Мужчина поставил чашку на тумбочку, бросил через плечо взгляд в окно.

– Немного. Вон, только рассветает, – затем посмотрел на меня внимательно, пытливо. – Ты помнишь, что делала, когда… разбудила Норда?

– Поцеловала его. А потом, похоже, потеряла сознание, – но не чувствовала, что действительно умираю, как тогда в «Розанне», лишь сильную усталость.

– Когда мы с Лисой, услышав оклик Дрэйка, примчались сюда, то тебя и Норда окутывал золотой свет и жар, – пояснил Беван напряжённо. – До вас даже Дрэйк дотронуться не смог, а он спокойно руку в открытый огонь суёт, и ничего. Мы тебя звали, ты не реагировала, а затем стало как-то совсем невесело, потому что свет местами начал вспыхивать язычками пламени. И это не метафора, Шелли.

– Хочешь сказать, мы… я… горели? – помню жар, отблески огня под веками. Помню, что сияние было не таким, как обычно, ощущалось иначе. Но в тот момент меня не волновали мелочи, странности, я хотела только одного – разбудить Нордана, растопить его холод своим теплом, которого у меня оказалось вдруг так много.

И мне не жаль отдать ему всё, до последней капли.

– Не то чтобы горели, но явно собирались вспыхнуть победным факелом. Отсюда вопрос – так оно и было задумано? Если мне память не изменяет, твой дар проявляется в несколько ином виде.

– Я… не знаю. Я не размышляла особо, что и почему делаю, я просто делала, – и повторила бы, не колеблясь, снова, если бы потребовалось, если бы сумела.

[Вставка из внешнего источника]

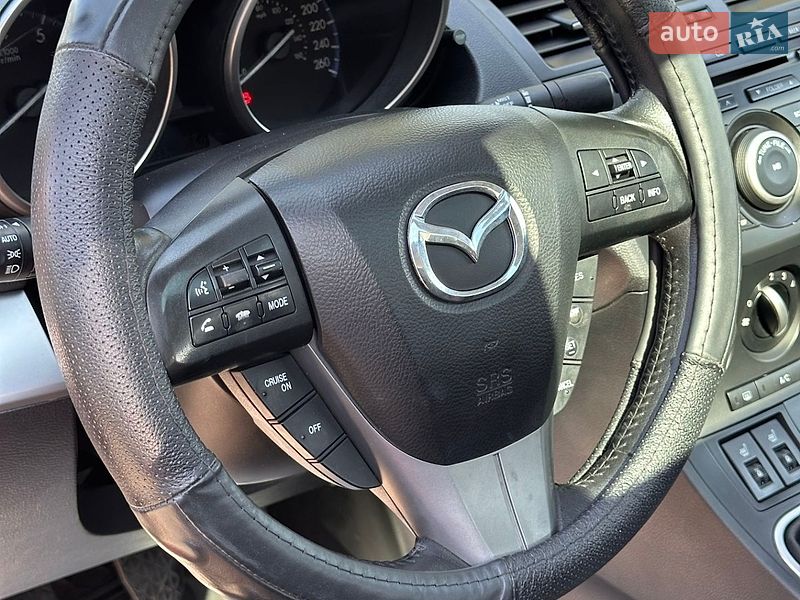 Седан Mazda 3 2013 в Смілі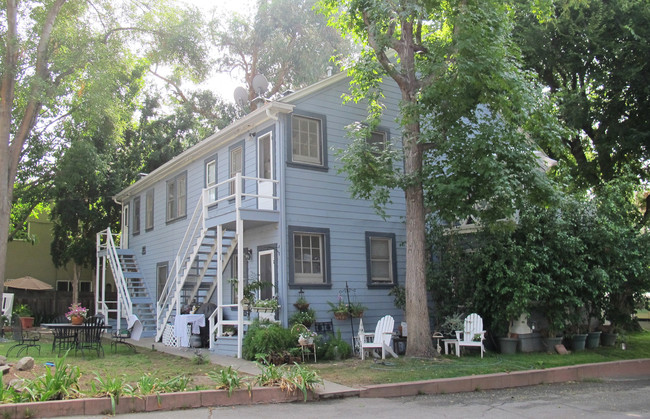 1116 Pine St in South Pasadena, CA - Foto de edificio - Building Photo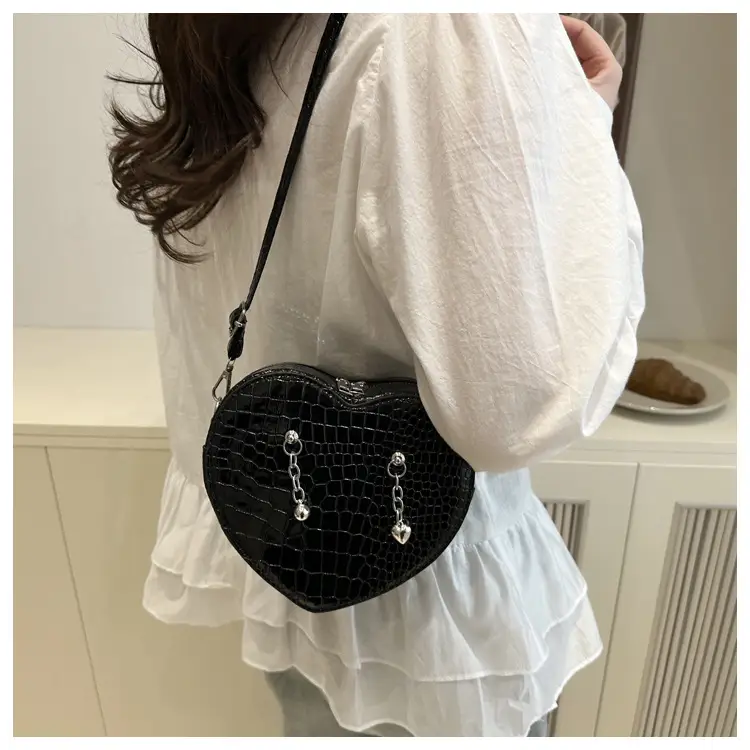 Heart Croc Leather Shoulder Bag Women's 2025 New Arrival — feature 24
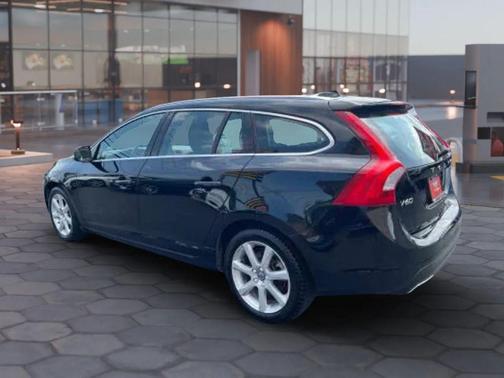 2017 Volvo V60 T5 Premier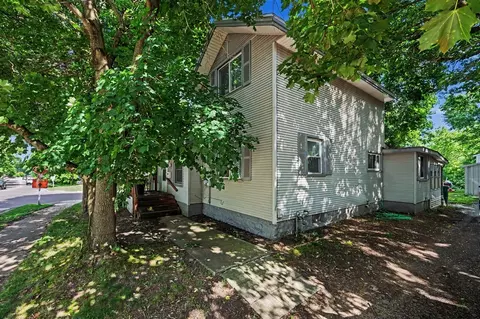 402 W Broadway, Three Rivers, MI 49093
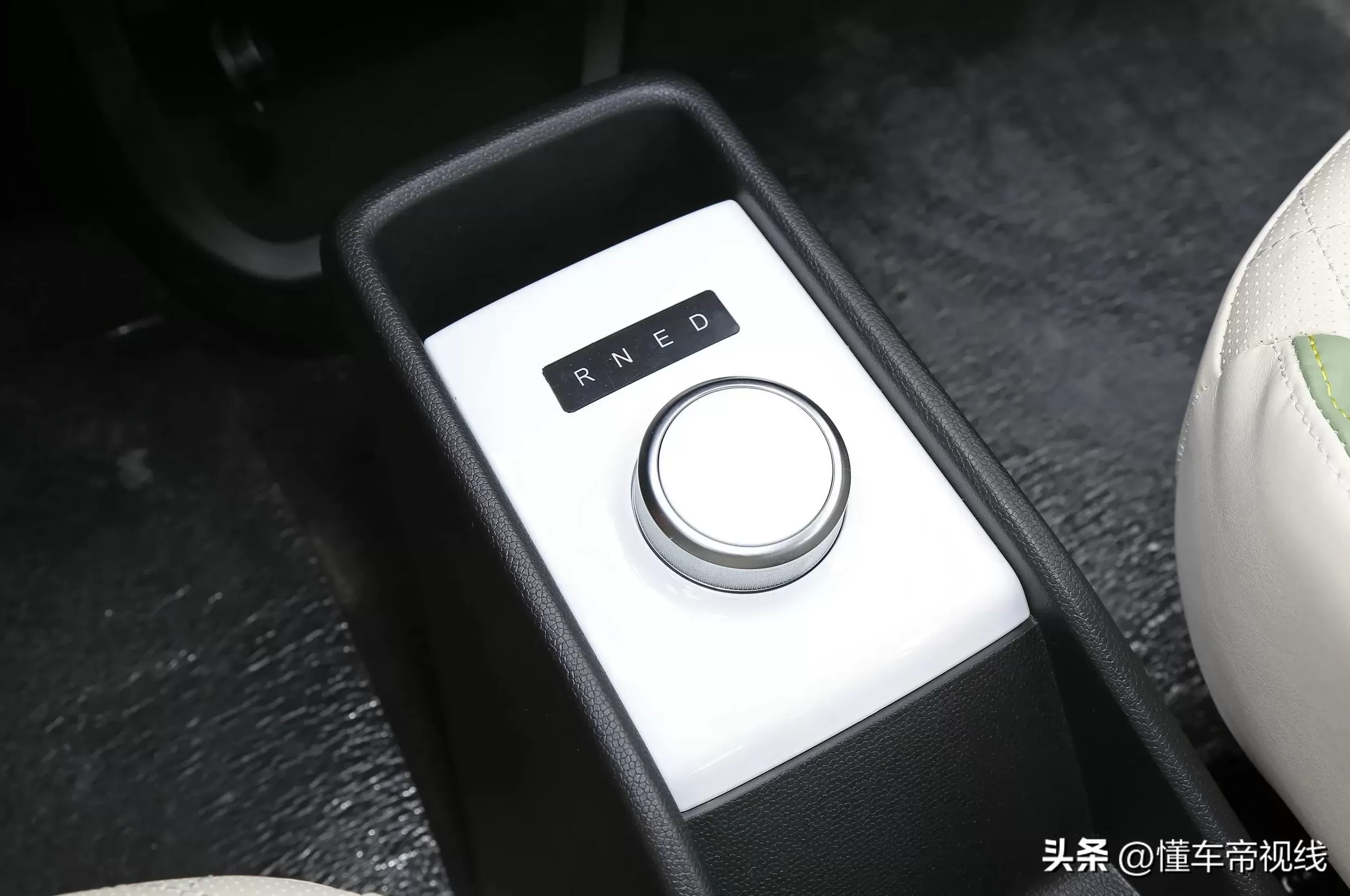 雷丁芒果电动汽车代理 新车|定位微型纯电动车,雷丁芒果Pro出口柬埔寨,国内398万起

– Ладно, главное, что вытащила, – мужчина улыбнулся ободряюще, поправил одеяло, но от меня не укрылась тень задумчивости в карих глазах. – Спи.

Возражать и спорить я не стала, сдаваясь неумолимому действию снотворного.

Кажется, проспала я совсем недолго, буквально час-другой, но, когда я открыла глаза, солнце давно уже поднялось над горизонтом, заглядывая через неплотно прикрытые шторы, и в комнате витал аромат тумана и мха.

Нордан.

Мужчина сидел на месте Бевана, читал письмо-отчёт Тайи, присылаемые ею ежедневно, – волчица всегда писала на одной стороне листа, складывала его и на другой подписывала, кому и от кого, – и сейчас я узнала послание подруги по характерным её вензелям на обороте. Нордан переоделся, и оставалось лишь догадываться, кто из мужчин пожертвовал ему новые чёрные брюки и тёмно-серую рубашку.

– Нехорошо читать чужие письма, – напомнила я.

– Оно лежало на видном месте, – ни намёка на оправдание или раскаяние, только констатация факта. – И должен же я знать, как дела у нашей дочери.